De même, si la Cour des comptes considère dans une communication de décembre 2017 que le modèle de coopération établi entre les universités et les CHU au service de l’excellence médicale a montré sa pertinence, elle souligne cependant ses fragilités et appelle à une adaptation de son organisation actuelle pour répondre aux nouveaux enjeux de la formation médicale et de la recherche. La Cour observe qu’en matière de recherche biomédicale, l’objectif des pouvoirs publics devrait être de faire émerger cinq à dix CHU dont l’activité de recherche bénéficierait d’une visibilité internationale suffisante en confiant à ces pôles une responsabilité de tête de réseau, et en intégrant dans le modèle d’allocation de leurs moyens des objectifs de coopération et de soutien des établissements partenaires.

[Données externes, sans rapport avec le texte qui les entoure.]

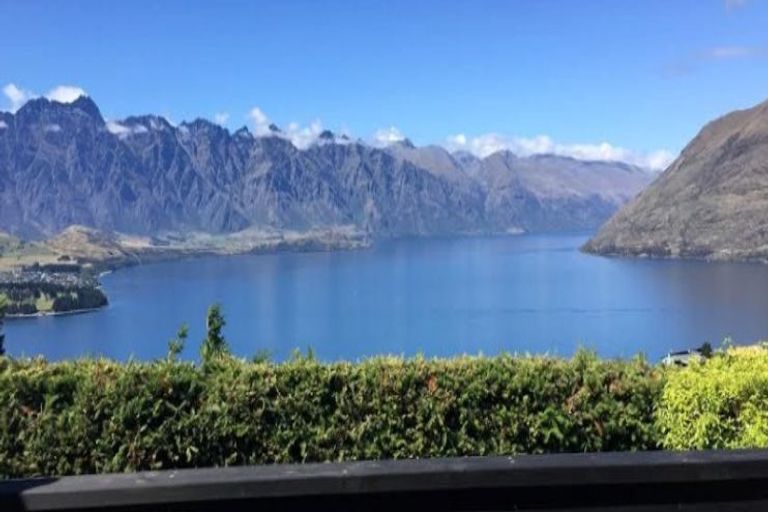 Photo of property in 37b Greenstone Place, Fernhill, Queenstown, 9300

La Cour des comptes considère également que le pilotage national de la recherche biomédicale doit être renforcé grâce à une meilleure coordination des administrations centrales chargées de la santé et de l’enseignement supérieur et de la recherche. Ce constat d’une crise de la recherche médicale française est partagé par les quatre conférences de santé en médecine, odontologie, pharmacie et maïeutique. Les quatre conférences de santé considèrent en effet que ce déclin est dû essentiellement à quatre causes : la complexité de l’organisation et de la gouvernance de notre recherche, un déficit et une complexité des financements publics et privés, un défaut d’attractivité des métiers de la recherche notamment pour les professions de santé, et enfin, une compétition internationale déstructurante qui met en lumière une inadaptation de l’organisation de notre recherche à la culture internationale et qui entraîne une fuite des cerveaux. Le 1er février 2019, le Premier ministre a annoncé la préparation d'un projet de loi de programmation pluriannuelle de la recherche. L’élaboration de ce projet de loi de programmation est l’occasion de promouvoir une transformation de notre système hospitalo-universitaire et de rappeler que la recherche scientifique, notamment la recherche médicale, doit redevenir une priorité nationale.